Pictures are to be dropped, and only the lines from the one containing "Selective Focus Of" through the end of the data below are to be reproduced as written.
··· Data listing
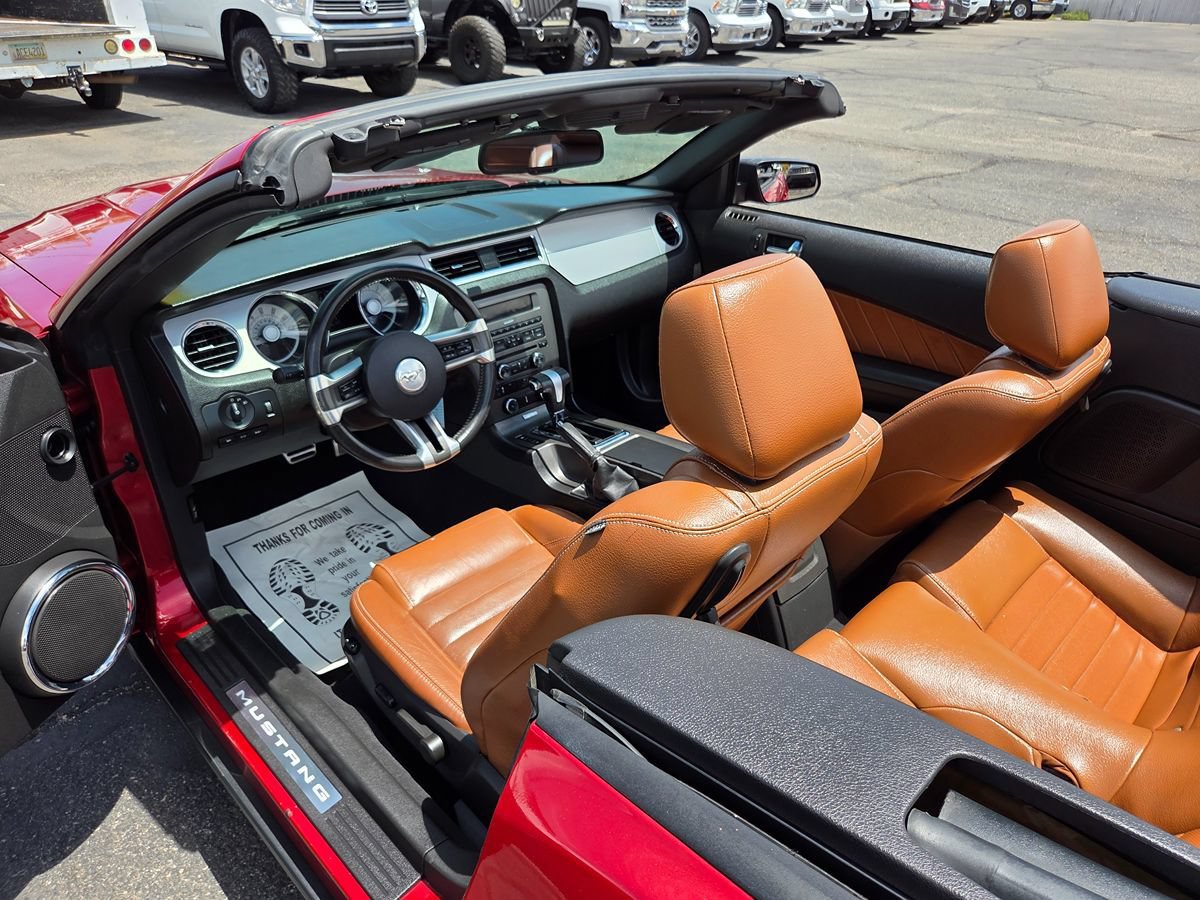 Used 2010 Ford Mustang Premium RWD image 55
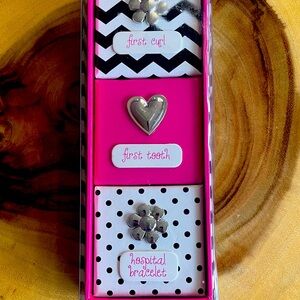 NWT Sassy Baby Girl Pink/White Keepsake Box Set 🌺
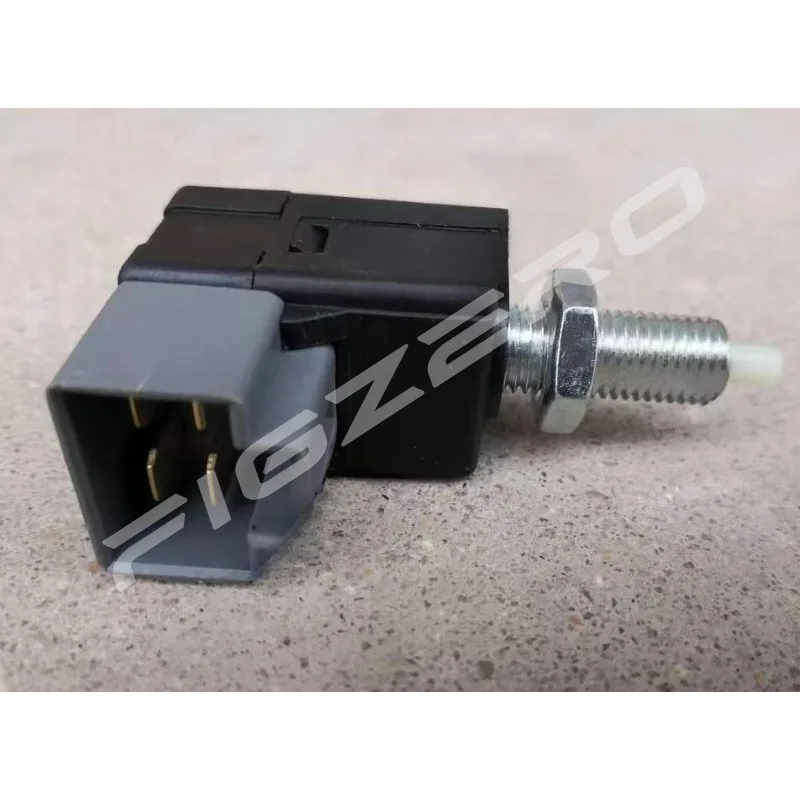 1 PC Clutch Brake Light Switch Sensor for Geely Emgrand GL GS Borui Brand New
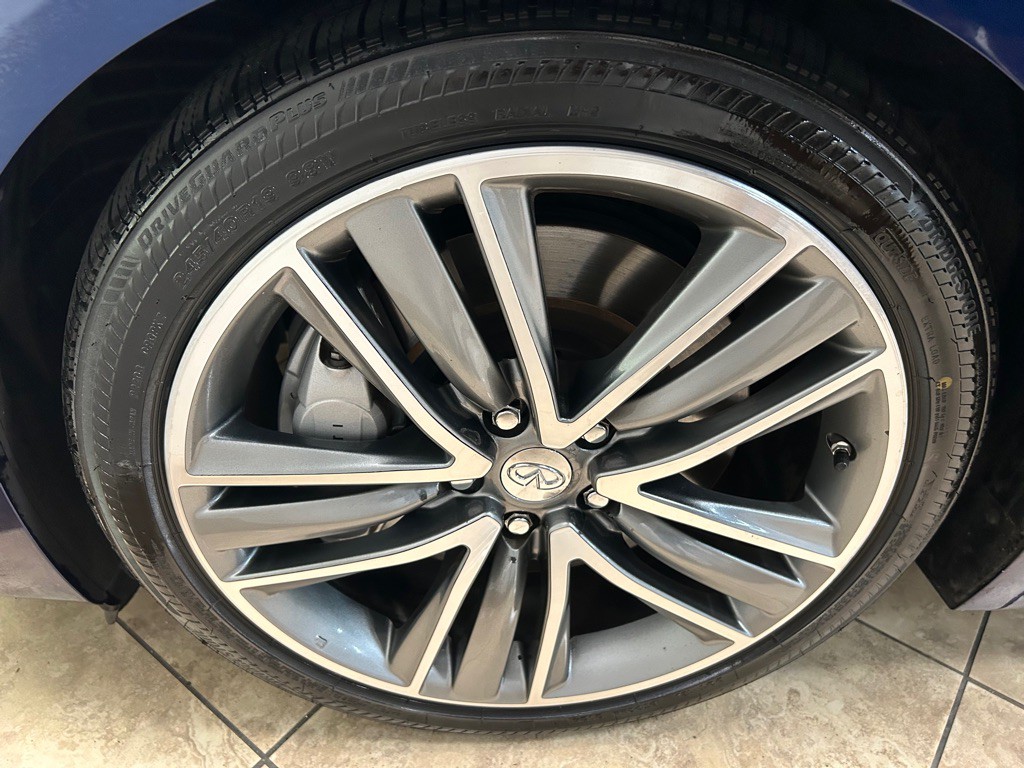 2017 INFINITI Q50 Image 15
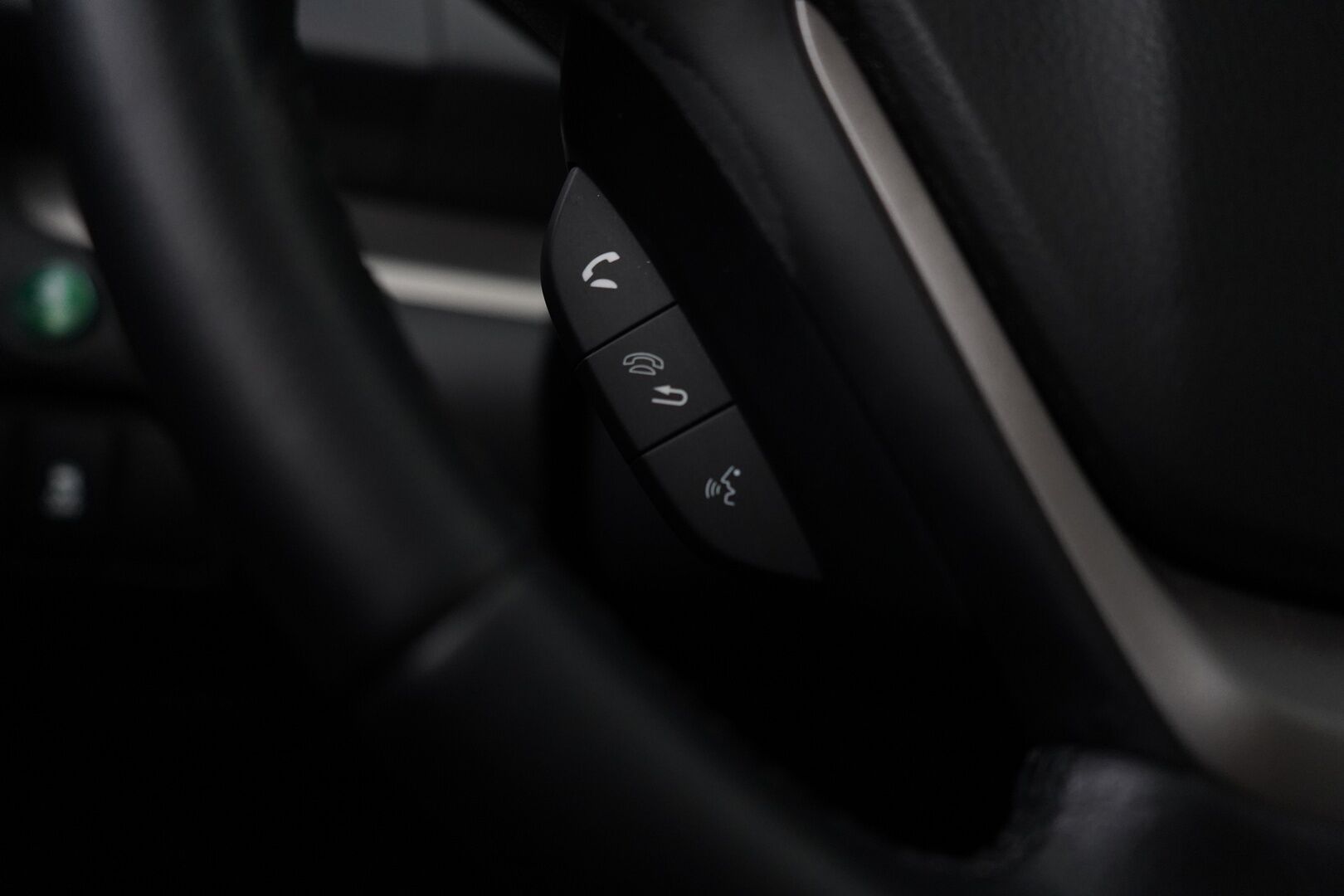 Honda CR-V 2014 1,6 Diesel Lifesyle Business * P.Kamera / Nahka-alcantara / Vakkari / Vetokoukku - Suomi-auto / Kahdet renkaat alumiinivantein / Vetokoukku / Fiksu huoltohistoria
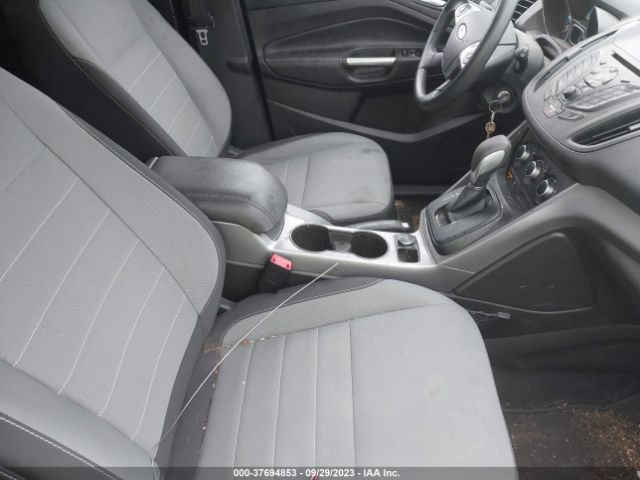 1FMCU9GX9GUC47914 Ford ESCAPE SE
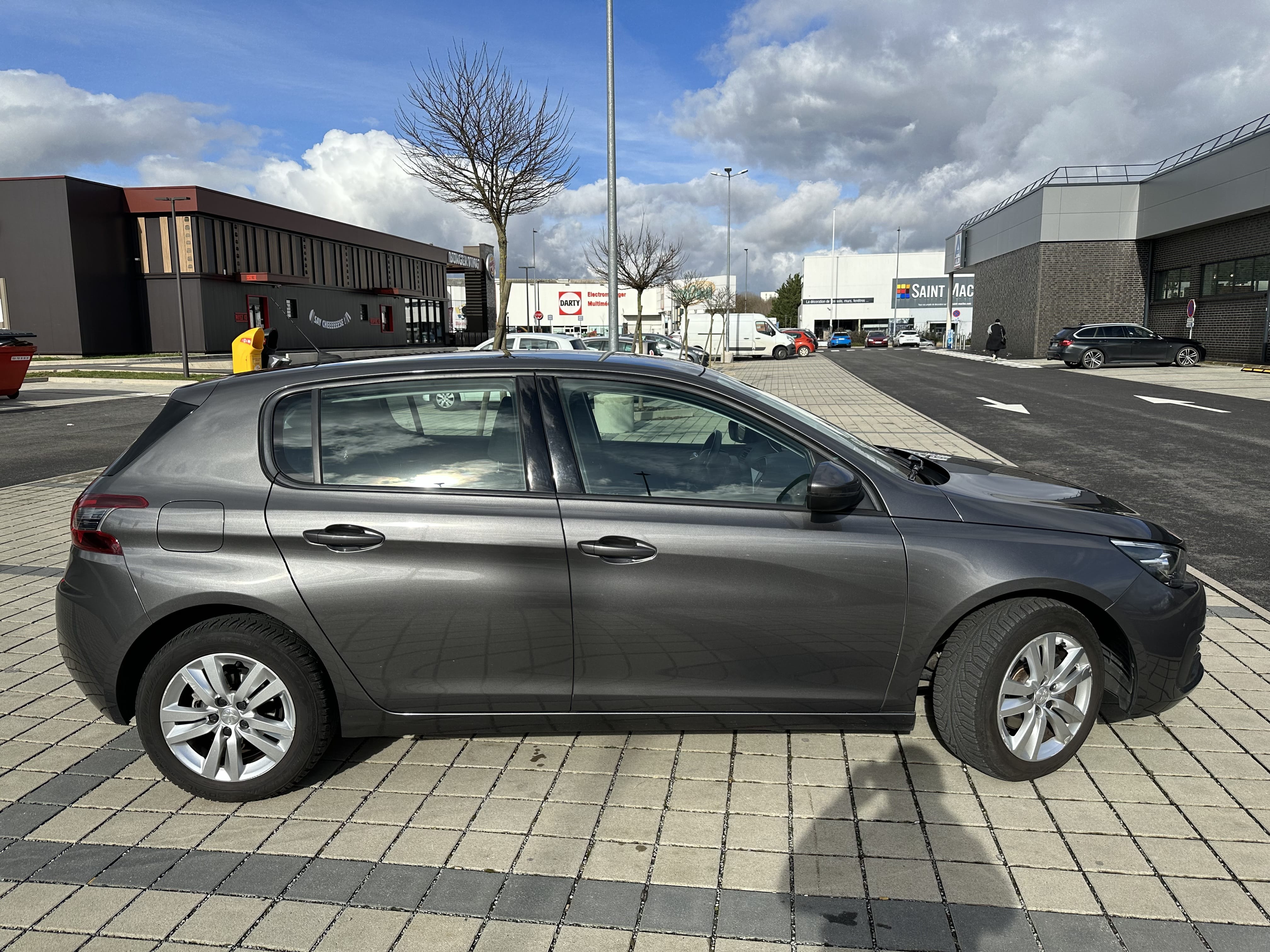 Peugeot 308 avec Entrée audio / iPod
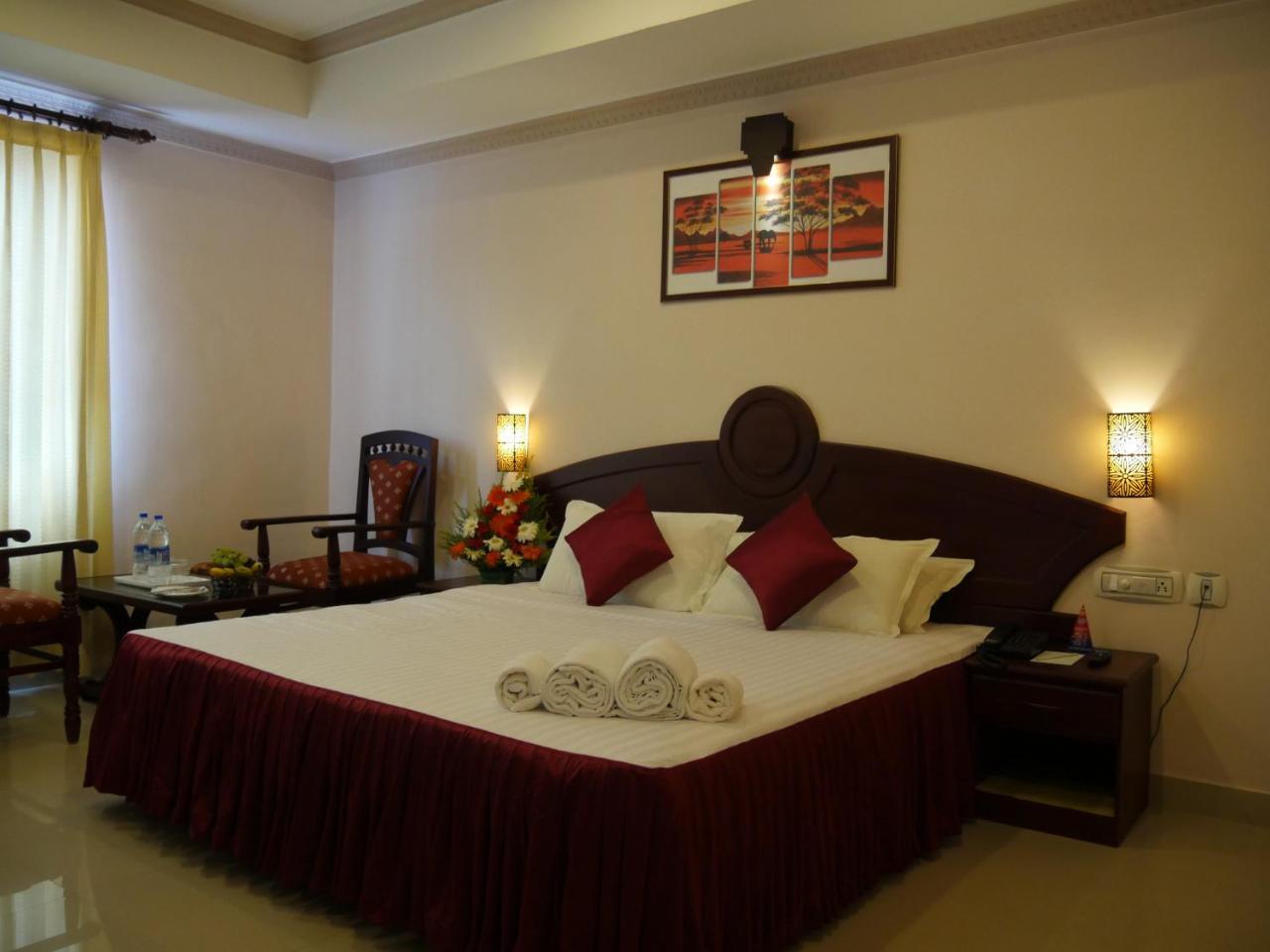 Karthika Residency Hotel Kilimanur Eksteriør billede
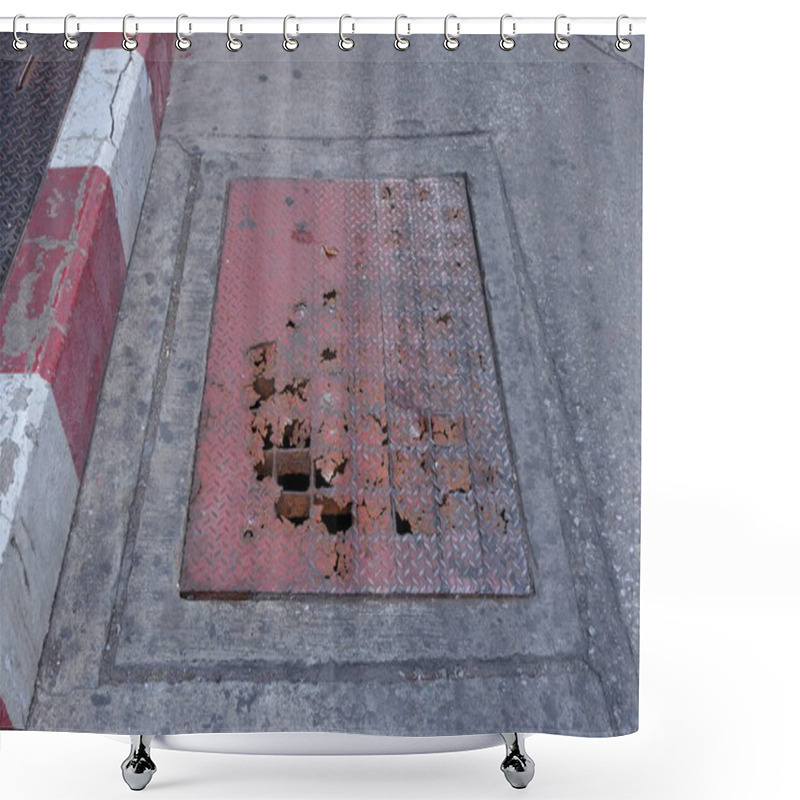 Personality  Selective Focus Of Broken Steel Drain Cover On Street    Shower Curtains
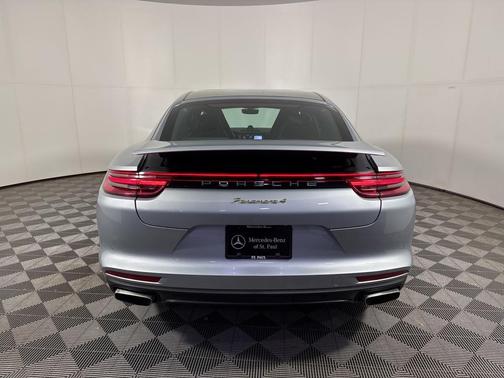 2018 Porsche Panamera 4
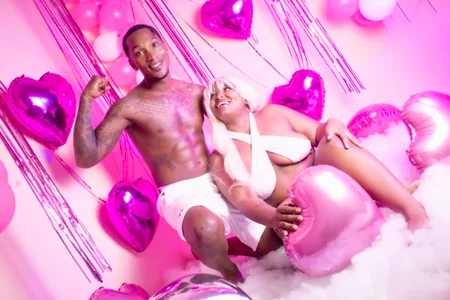 bigbutti_naomi Valentine's Day 💘 Pic 3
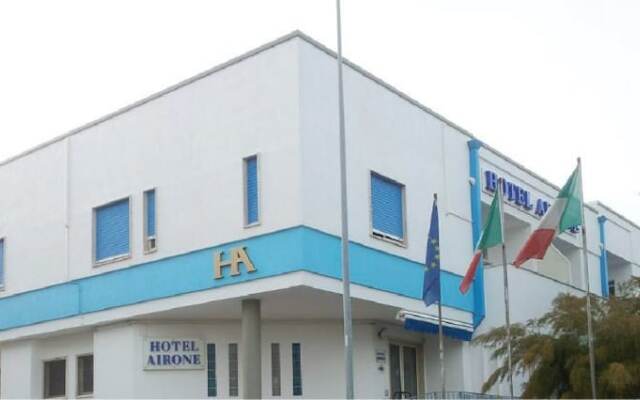 Hotel Airone Альберобелло вид на фасад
······
» Result of this task:
 Personality  Selective Focus Of Broken Steel Drain Cover On Street    Shower Curtains
 2018 Porsche Panamera 4
 bigbutti_naomi Valentine's Day 💘 Pic 3
 Hotel Airone Альберобелло вид на фасад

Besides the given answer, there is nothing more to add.